Conseil d'État prussien (1921-1933)
Le Conseil d'État prussien est la seconde chambre de l'État libre de Prusse de 1921 à 1933, aux côtés du Parlement d'État prussien, défini par l'article 31 de la Constitution prussienne de 1920.
Contexte
Le Conseil d'État du royaume de Prusse jusqu'en 1848 est une institution importante au sein de l'exécutif prussien, mais son importance diminue avec le développement du constitutionnalisme. Le Conseil d'État prépare des avis d'experts et formule des recommandations. Le pouvoir de décision appartient uniquement au roi et au cabinet.
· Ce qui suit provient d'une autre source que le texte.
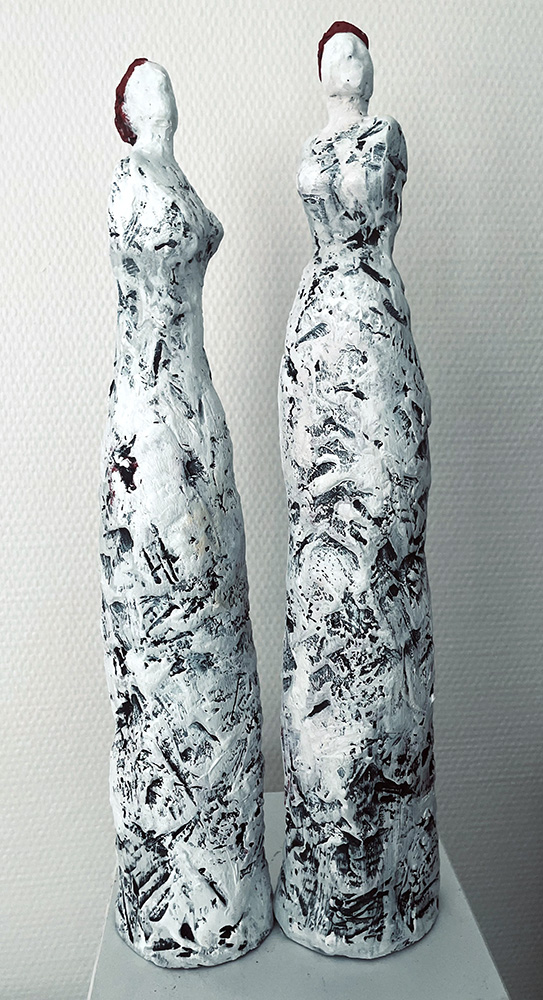 Zwillinge | Keramik | 30 cm | 2014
Avec la constitutionnalisation croissante et l'exigence associée de séparation des pouvoirs, la pérennité du Conseil d'État est remise en cause. La constitution prussienne de 1850 ne prévoit plus le Conseil d'État. Le décret du 12 janvier 1852 tente de le faire renaître. Mais le Conseil d'État ne trouve pas sa place dans l'État constitutionnel. Même la tentative de relance de 1884 et le transfert de la présidence au prince héritier Frédéric-Guillaume n'ont pas de succès notable. Il finit par s'endormir.
État libre de Prusse
Général
Avec l'adoption de la Constitution prussienne le 30 novembre 1920, l'article 31 établit le Conseil d'État comme organe de participation provinciale à la législation. De cette manière, l'État libre de Prusse reçoit un élément fédéral. Pour le reste, la Prusse reste un État unitaire, les provinces ne sont donc pas des États fédérés.
En tant que Chambre haute du Parlement prussien, le Conseil d'État se réunit dans le bâtiment de l'ancienne chambre des seigneurs de Prusse de la Leipziger Straße à Berlin, aujourd'hui le bâtiment du Bundesrat (de).
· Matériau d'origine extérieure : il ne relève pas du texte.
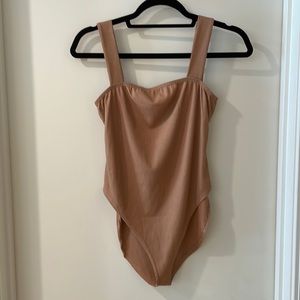 Boohoo tan body suit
Le Conseil d'État est composé de membres délégués par les parlements provinciaux. Tout citoyen âgé de plus de 25 ans peut être élu. Le nombre d'émissaires dans une province dépend de la population, chaque province envoie au moins 3 représentants (exception : Province de Hohenzollern : 1 représentant), sinon une voix est attribuée à chaque tranche de 500 000 habitants et une voix supplémentaire est attribuée à un reste d'au moins 250 000 habitants.
Comme le Reichsrat dans le Reich, le Conseil d'État n'a que le droit de s'opposer au Parlement. Son objection est rejetée à la majorité des deux tiers au parlement de l'État. Il dispose en outre d'un droit d'initiative indirect : les propositions sont adressées au ministère d'État prussien (de), qui doit les transmettre au parlement. Toutes les dépenses de l'État dépassant le budget nécessitent l'approbation du Conseil d'État. Le Conseil d'État a le droit de s'exprimer sur toutes les questions concernant le parlement et donc la législation. Il dispose d'un droit d'information vis-à -vis du ministère d'État.
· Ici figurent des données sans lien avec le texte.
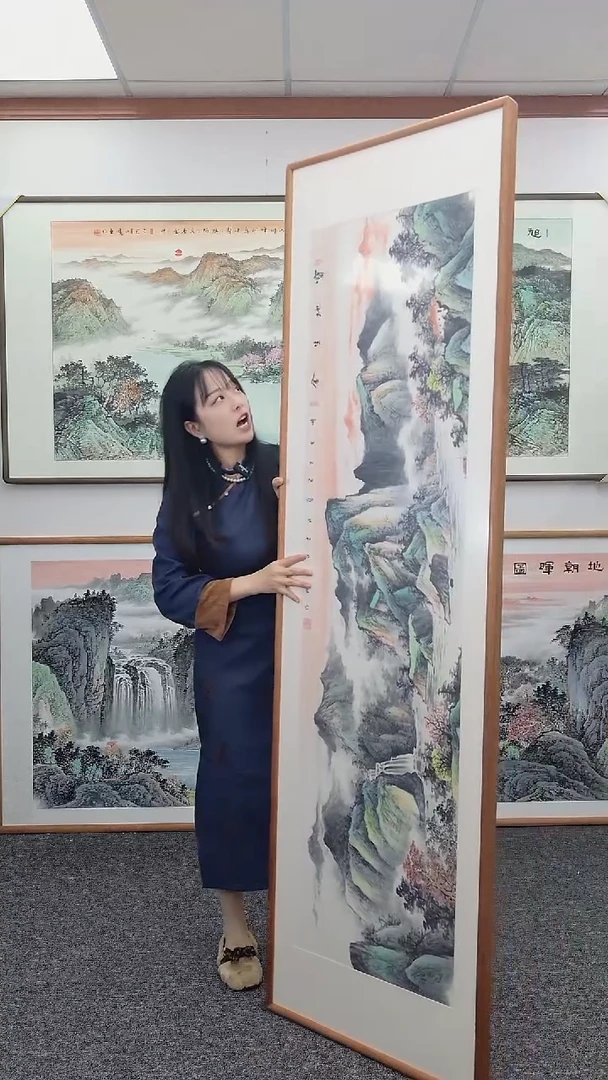 国画宝地生金210*80手绘作品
Le Conseil d'État est convoqué par le président, à la demande de tous les représentants d'une province, d'un cinquième de tous les membres ou du ministère d'État.
De 1921 à 1933, la fonction de président du Conseil d'État est occupée par le maire de Cologne, Konrad Adenauer (Zentrum).
Représentants des provinces au Conseil d'État prussien
Les élections des membres du Conseil d'État prussien par les parlements provinciaux ont lieu environ un mois après les dates des élections des parlements provinciaux (à des dates différentes). La liste suivante indique les jours d'élection des parlements provinciaux.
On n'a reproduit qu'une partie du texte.